Among the entries below, only the lines from the one with "FST-801 медиа конвертер FST-801" through the one with "2459 39Th Avenue W, Vancouver, BC" are to be retyped, exactly and without pictures.

■ **Source records**
((

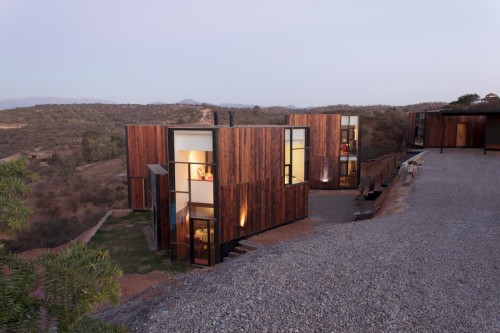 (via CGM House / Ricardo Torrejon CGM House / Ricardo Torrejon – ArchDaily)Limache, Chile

))
((

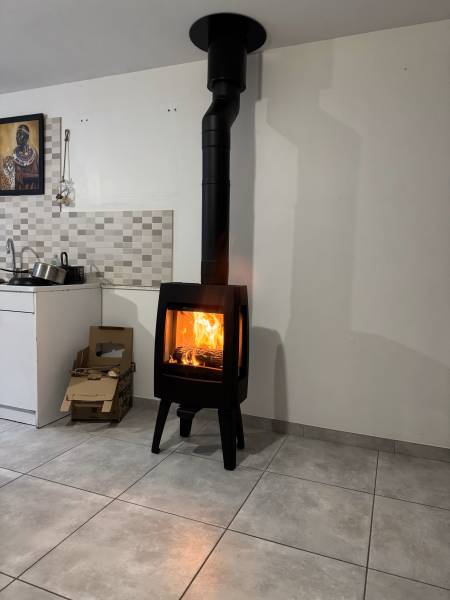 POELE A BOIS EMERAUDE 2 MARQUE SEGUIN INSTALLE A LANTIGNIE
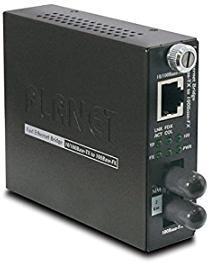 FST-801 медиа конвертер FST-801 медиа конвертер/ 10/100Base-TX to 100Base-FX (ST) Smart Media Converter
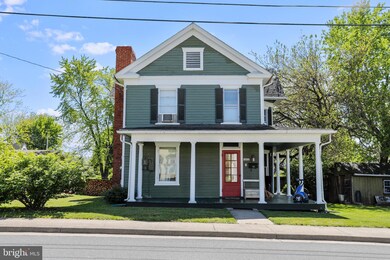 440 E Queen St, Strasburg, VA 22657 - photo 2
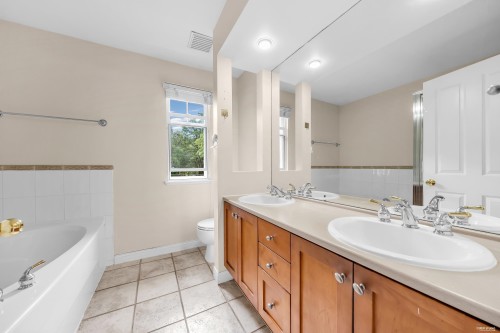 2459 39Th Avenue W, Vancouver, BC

))
((

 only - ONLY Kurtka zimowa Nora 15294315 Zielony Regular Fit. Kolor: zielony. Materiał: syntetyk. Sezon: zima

))

■ **Expected answer**
 FST-801 медиа конвертер FST-801 медиа конвертер/ 10/100Base-TX to 100Base-FX (ST) Smart Media Converter
 440 E Queen St, Strasburg, VA 22657 - photo 2
 2459 39Th Avenue W, Vancouver, BC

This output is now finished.